I want to evaluate $e^{X+Y}Ze^{-(X+Y)} - e^{Y}e^{X}Ze^{-X}e^{-Y}$

Hi all,
I was wondering if there was a clean/closed form version of the following expression: $$e^{X+Y}Ze^{-(X+Y)} - e^{Y}e^{X}Ze^{-X}e^{-Y}$$
where $X,Y,Z$ are matrices that don't commute with each other. I know of the BCH identity $e^{X}Ye^{-X} = Y + [X,Y] + \frac{1}{2!}[X,[X,Y]] + \frac{1}{3!}[X,[X,[X,Y]]] + ...$
and I have used the identity to expand each term in my expression, but I cannot see a good way of cleaning up the result, I'm just left with a bunch of nested operators.
Any help would be appreciated, thanks!

 

[fresh_42]

TL;DR Summary: I want to evaluate $e^{X+Y}Ze^{-(X+Y)} - e^{Y}e^{X}Ze^{-X}e^{-Y}$

Hi all,
I was wondering if there was a clean/closed form version of the following expression: $$e^{X+Y}Ze^{-(X+Y)} - e^{Y}e^{X}Ze^{-X}e^{-Y}$$
where $X,Y,Z$ are matrices that don't commute with each other. I know of the BCH identity $e^{X}Ye^{-X} = Y + [X,Y] + \frac{1}{2!}[X,[X,Y]] + \frac{1}{3!}[X,[X,[X,Y]]] + ...$
and I have used the identity to expand each term in my expression, but I cannot see a good way of cleaning up the result, I'm just left with a bunch of nested operators.
Any help would be appreciated, thanks!

No way. What you are basically asking for is how to move the garbage on the left through $Z$ in order to annihilate the garbage on the right. Since you allow anything to happen by changing the sides of $Z$, there is no way to make predictions.

 

[thatboi]

No way. What you are basically asking for is how to move the garbage on the left through $Z$ in order to annihilate the garbage on the right. Since you allow anything to happen by changing the sides of $Z$, there is no way to make predictions.

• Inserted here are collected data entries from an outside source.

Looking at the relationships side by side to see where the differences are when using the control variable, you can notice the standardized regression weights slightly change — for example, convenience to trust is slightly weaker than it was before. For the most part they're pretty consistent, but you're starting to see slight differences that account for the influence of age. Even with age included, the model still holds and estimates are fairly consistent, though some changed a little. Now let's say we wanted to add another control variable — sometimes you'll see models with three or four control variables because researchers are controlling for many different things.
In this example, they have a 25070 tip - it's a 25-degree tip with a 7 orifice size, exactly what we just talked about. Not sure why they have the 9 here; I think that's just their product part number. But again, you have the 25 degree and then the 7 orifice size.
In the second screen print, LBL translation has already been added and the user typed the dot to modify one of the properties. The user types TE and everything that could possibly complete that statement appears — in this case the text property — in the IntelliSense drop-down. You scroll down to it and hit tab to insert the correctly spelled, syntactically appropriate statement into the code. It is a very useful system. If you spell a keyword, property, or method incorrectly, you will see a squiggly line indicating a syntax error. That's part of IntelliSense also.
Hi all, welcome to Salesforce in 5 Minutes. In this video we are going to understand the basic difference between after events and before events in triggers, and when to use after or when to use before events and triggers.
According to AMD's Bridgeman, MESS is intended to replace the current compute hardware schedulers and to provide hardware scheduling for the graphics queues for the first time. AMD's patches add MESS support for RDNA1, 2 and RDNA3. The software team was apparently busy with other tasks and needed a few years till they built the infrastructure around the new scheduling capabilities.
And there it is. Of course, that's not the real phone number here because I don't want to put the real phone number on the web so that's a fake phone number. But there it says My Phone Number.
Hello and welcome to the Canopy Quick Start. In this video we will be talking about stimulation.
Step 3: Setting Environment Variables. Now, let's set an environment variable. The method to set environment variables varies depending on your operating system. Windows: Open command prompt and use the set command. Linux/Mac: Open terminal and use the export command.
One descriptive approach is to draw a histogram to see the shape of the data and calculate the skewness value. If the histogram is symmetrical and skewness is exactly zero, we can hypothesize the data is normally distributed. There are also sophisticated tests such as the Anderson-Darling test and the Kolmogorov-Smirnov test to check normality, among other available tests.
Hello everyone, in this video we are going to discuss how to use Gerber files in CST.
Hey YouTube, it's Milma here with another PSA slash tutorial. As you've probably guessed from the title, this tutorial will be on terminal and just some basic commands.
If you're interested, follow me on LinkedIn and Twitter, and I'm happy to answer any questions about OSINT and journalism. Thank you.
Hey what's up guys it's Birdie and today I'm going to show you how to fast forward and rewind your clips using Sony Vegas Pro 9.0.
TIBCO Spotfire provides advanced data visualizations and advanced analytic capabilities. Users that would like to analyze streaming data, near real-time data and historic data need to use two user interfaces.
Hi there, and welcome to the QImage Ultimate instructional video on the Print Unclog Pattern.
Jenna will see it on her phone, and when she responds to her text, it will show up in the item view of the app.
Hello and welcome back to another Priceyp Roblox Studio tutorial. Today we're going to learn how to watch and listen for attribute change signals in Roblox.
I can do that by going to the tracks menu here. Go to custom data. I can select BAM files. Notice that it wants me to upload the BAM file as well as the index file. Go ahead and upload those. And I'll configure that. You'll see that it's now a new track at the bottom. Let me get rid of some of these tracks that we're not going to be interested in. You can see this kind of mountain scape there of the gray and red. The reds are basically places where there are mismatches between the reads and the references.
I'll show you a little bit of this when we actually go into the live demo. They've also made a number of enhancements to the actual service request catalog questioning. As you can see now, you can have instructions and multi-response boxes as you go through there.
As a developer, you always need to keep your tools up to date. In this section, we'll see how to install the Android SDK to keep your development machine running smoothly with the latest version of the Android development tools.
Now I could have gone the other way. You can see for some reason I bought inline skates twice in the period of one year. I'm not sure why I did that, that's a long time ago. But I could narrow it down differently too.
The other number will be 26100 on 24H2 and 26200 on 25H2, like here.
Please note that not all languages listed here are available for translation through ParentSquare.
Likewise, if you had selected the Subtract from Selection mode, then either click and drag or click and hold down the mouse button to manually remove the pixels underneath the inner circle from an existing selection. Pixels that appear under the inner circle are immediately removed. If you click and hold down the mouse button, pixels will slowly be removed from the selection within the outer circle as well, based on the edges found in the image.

Could you elaborate on what you mean by "Since you allow anything to happen by changing the sides of $Z$ "?

 

[fresh_42]

Could you elaborate on what you mean by "Since you allow anything to happen by changing the sides of $Z$ "?

You have certain combined expressions in $X$ and $Y$ on the left and no control over how they commutate with $Z$. $e^X$ and $Z$ aren't even in the same space.

I would approach this problem with nilpotent matrices of low degree, say the three-dimensional Heisenberg algebra for instance. Then with matrices of a bit increased degree of nilpotency. Maybe you can find a pattern. I will see if I can find something in the books.